Edit2: I realize 90 can also be divided to become 30, just posted in the SteamVR suggestions forum if we can get an option for that for the headset monitor output, but I doubt it'll happen anytime soon :P Still, getting the monitor at native 90 Hz would let us capture in whichever way we wanted to. Hmh.


----------



## Dogstarz (Jul 6, 2017)

Can someone add a guide on how to set this up properly to obs studio


----------



## BOLL (Jul 6, 2017)

Dogstarz said:


> Can someone add a guide on how to set this up properly to obs studio


There is a readme. Just download, unzip over your installation folder, run OBS 64bit and add the new capture source. It's dead simple really, if you have used OBS for more than five minutes. But I can probably make a video of it later if it's still needed.


----------



## Kegetys (Jul 6, 2017)

Glad you find it useful BOLL :)

> Only feedback for now would be the cropping sliders

These seem to be limited in OBS to steps of 0.01, but maybe I can change it to a percentage (0.0 - 100.0) instead.
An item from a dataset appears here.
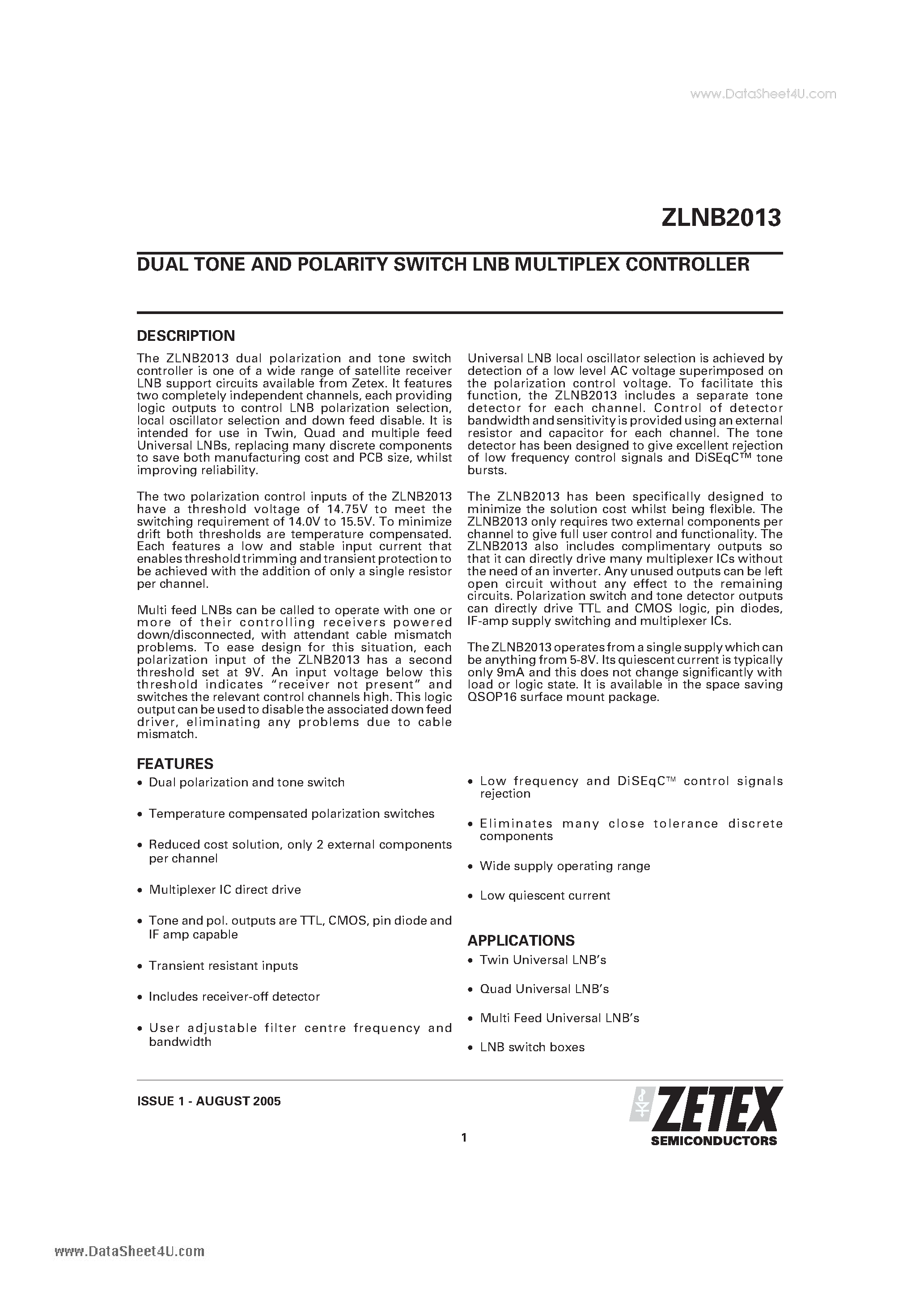 Datasheet ZLNB2013 - DUAL TONE AND POLARITY SWITCH LNB MULTIPLEX CONTROLLER page 1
> Does the plugin capture at a different rate or does it also use 45 fps?

It captures directly from the mirror surface as fast as it can. It is not documented anywhere how the mirror surface is updated by OpenVR so I am not sure if it still depends somehow on the desktop refresh rate. If I have the time I'll see if it would be possible to add some synchronization to it from D3D11 side so it would try to avoid duplicate frames. Probably the best approach now is to record at either 30, 60 or 90 fps.


----------



## iLL_S_D (Jul 6, 2017)

I don't understand how to install this to OBS Studio 64 bit either. The readme just says to unzip over your instillation folder. This doesn't seem to work with Studio though. Is this only for the older OBS?


----------



## BOLL (Jul 7, 2017)

I use it with Studio, it says it requires OBS Studio 19.0.0 on the project page. 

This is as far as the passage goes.